### About this task
Please give back the listing below word for word, without the images.
########################################
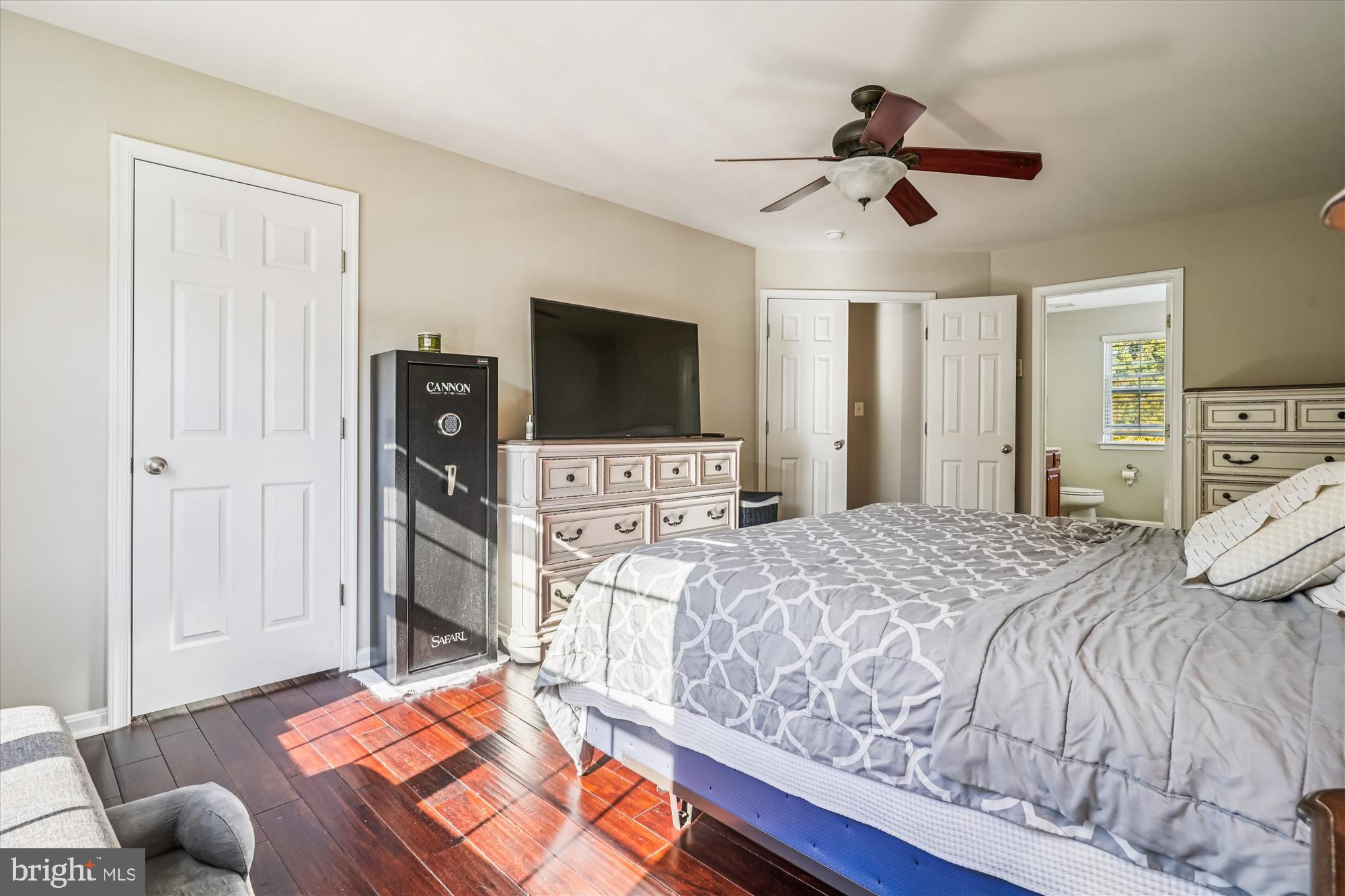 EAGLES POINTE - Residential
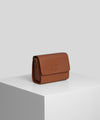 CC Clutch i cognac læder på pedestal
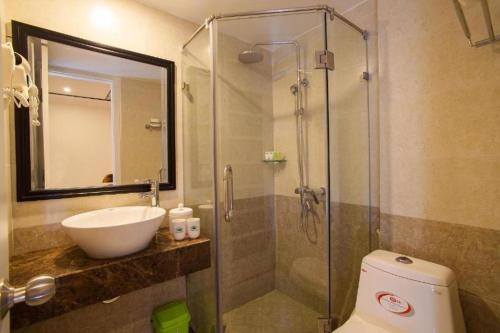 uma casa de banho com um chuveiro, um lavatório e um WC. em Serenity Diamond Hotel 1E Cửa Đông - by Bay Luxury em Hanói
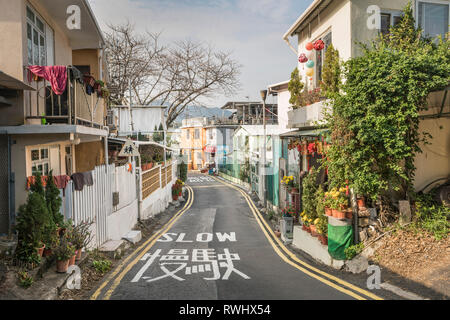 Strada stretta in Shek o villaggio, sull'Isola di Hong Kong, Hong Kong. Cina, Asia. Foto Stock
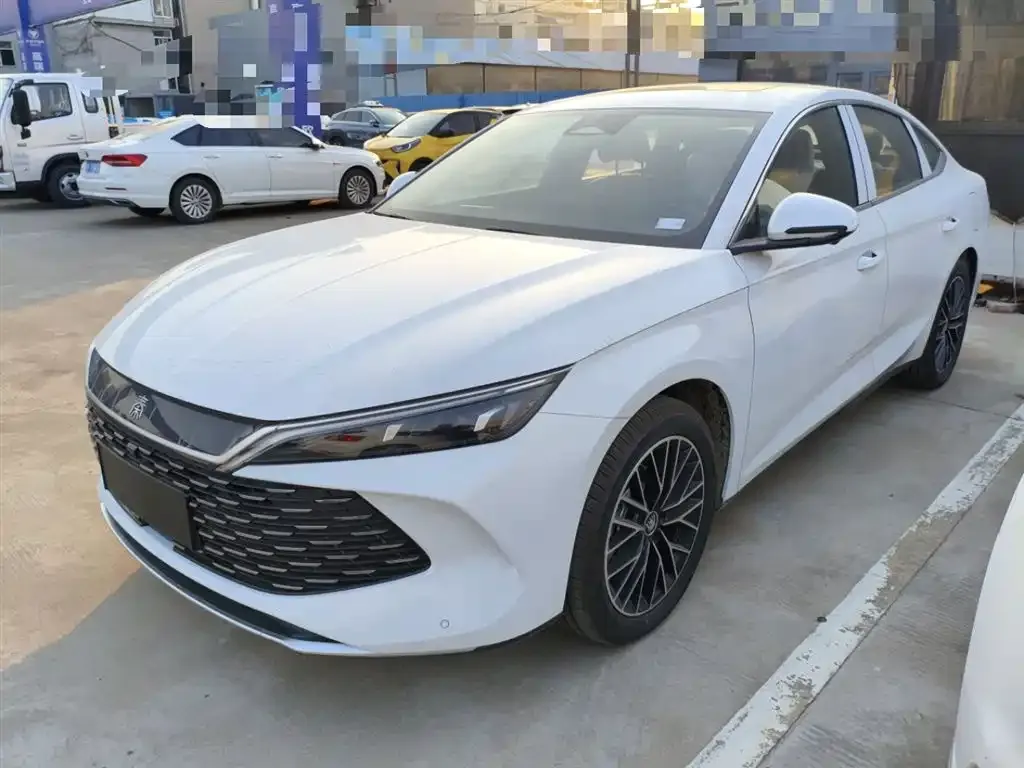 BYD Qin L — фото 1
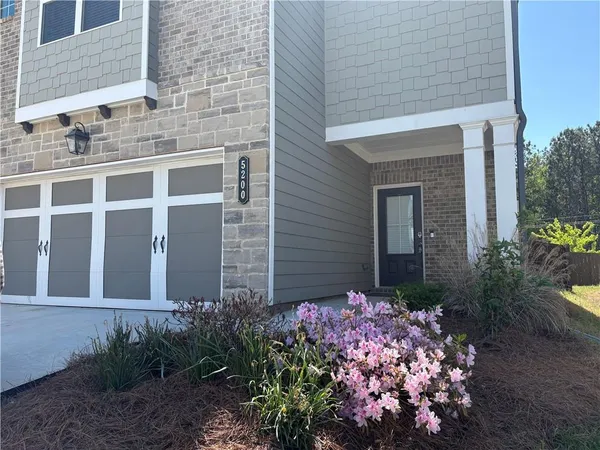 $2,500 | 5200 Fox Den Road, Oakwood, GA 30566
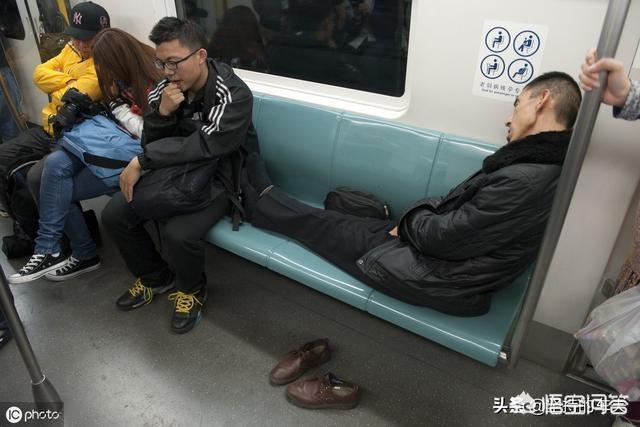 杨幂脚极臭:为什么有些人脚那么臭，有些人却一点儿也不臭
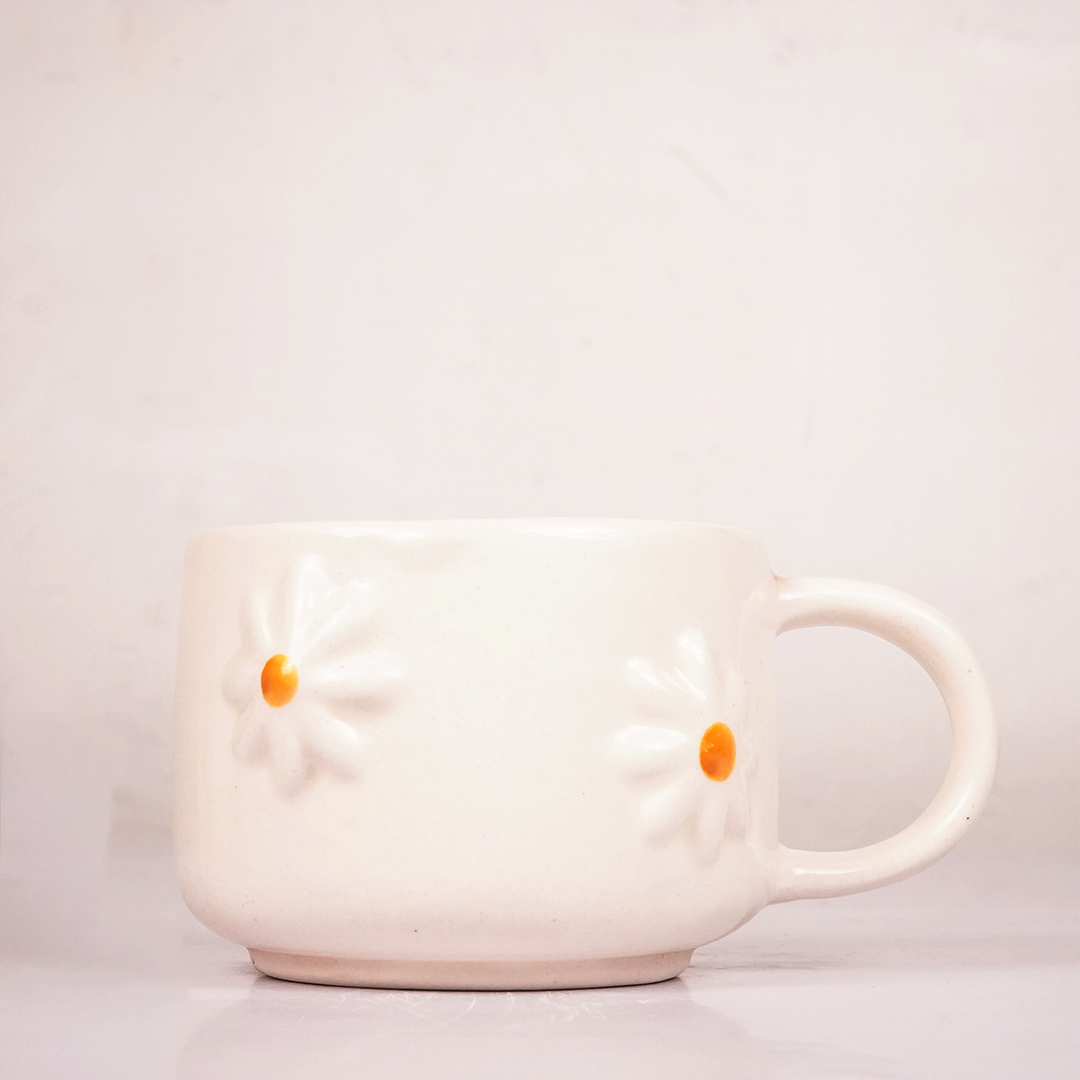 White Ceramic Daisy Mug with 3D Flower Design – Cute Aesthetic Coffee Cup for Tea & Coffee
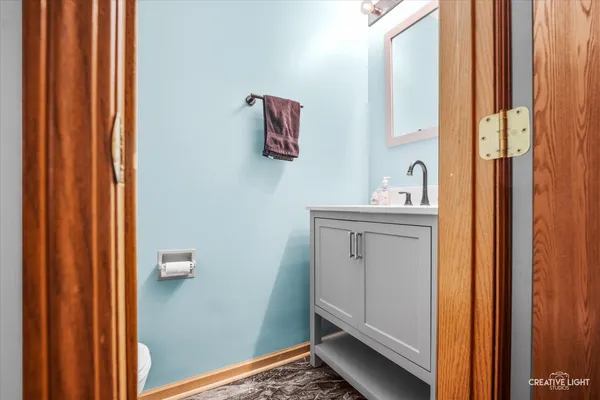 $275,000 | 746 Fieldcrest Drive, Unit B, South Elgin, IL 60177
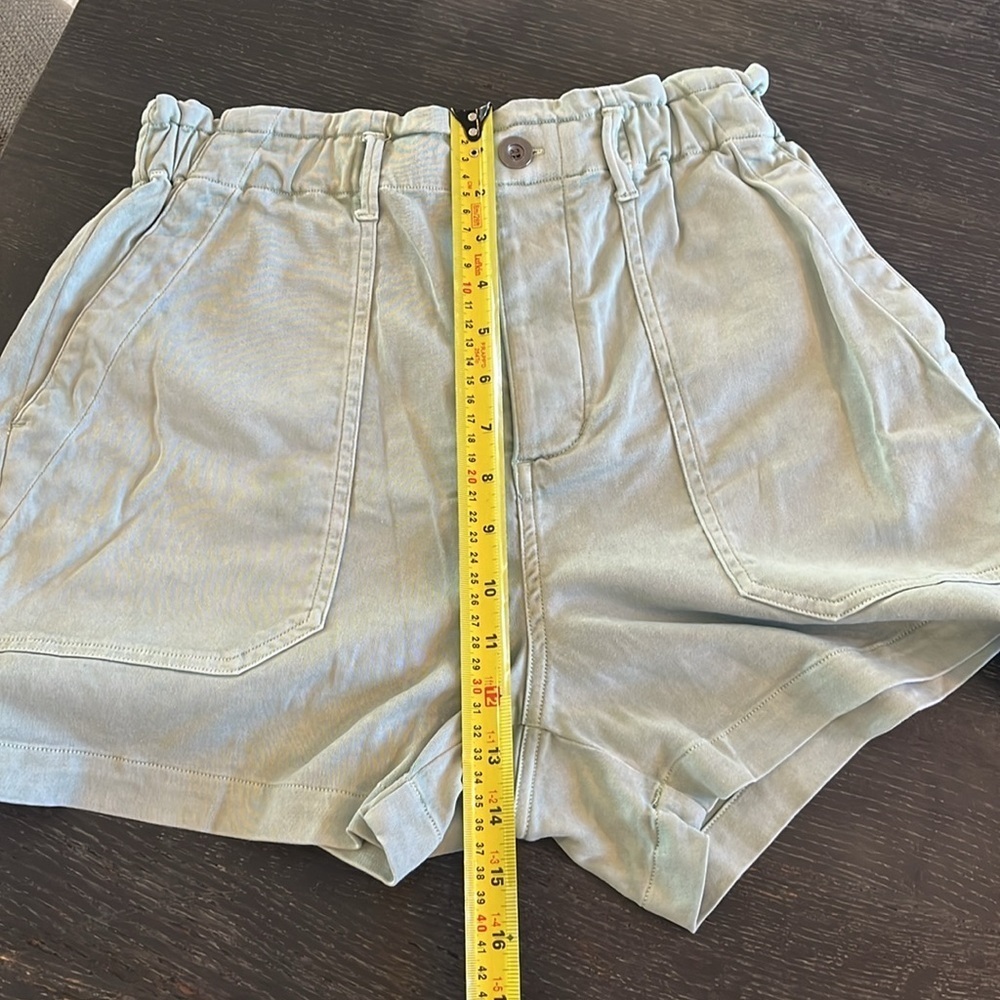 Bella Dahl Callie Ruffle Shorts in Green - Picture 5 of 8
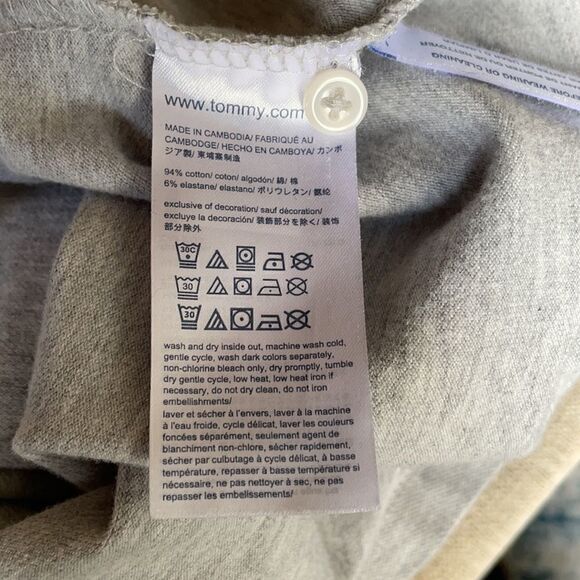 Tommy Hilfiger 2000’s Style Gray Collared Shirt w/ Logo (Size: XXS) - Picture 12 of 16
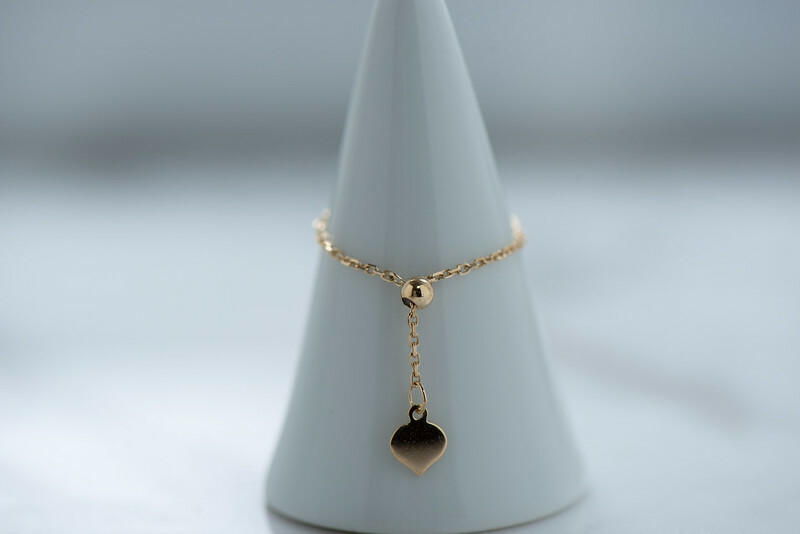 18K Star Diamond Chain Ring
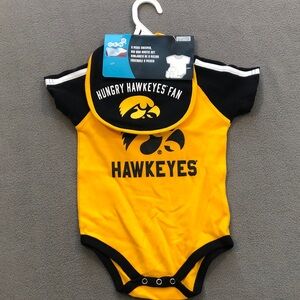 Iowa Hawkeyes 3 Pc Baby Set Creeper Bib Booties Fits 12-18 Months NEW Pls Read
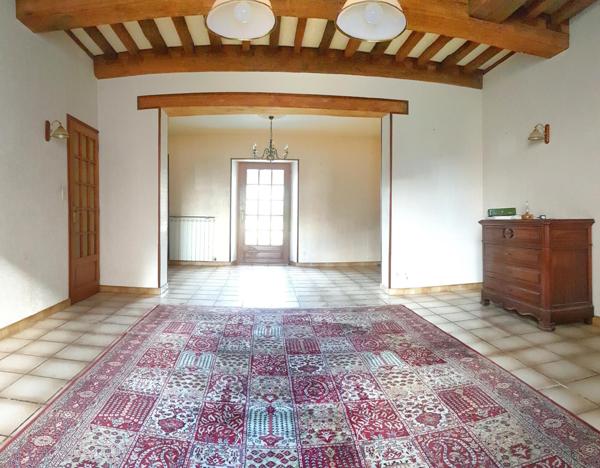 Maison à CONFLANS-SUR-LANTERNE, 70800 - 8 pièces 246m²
########################################
### Output for this exercise
 EAGLES POINTE - Residential
 CC Clutch i cognac læder på pedestal
 uma casa de banho com um chuveiro, um lavatório e um WC. em Serenity Diamond Hotel 1E Cửa Đông - by Bay Luxury em Hanói
 Strada stretta in Shek o villaggio, sull'Isola di Hong Kong, Hong Kong. Cina, Asia. Foto Stock
 BYD Qin L — фото 1
 $2,500 | 5200 Fox Den Road, Oakwood, GA 30566
 杨幂脚极臭:为什么有些人脚那么臭，有些人却一点儿也不臭
 White Ceramic Daisy Mug with 3D Flower Design – Cute Aesthetic Coffee Cup for Tea & Coffee
 $275,000 | 746 Fieldcrest Drive, Unit B, South Elgin, IL 60177
 Bella Dahl Callie Ruffle Shorts in Green - Picture 5 of 8
 Tommy Hilfiger 2000’s Style Gray Collared Shirt w/ Logo (Size: XXS) - Picture 12 of 16
 18K Star Diamond Chain Ring
 Iowa Hawkeyes 3 Pc Baby Set Creeper Bib Booties Fits 12-18 Months NEW Pls Read
 Maison à CONFLANS-SUR-LANTERNE, 70800 - 8 pièces 246m²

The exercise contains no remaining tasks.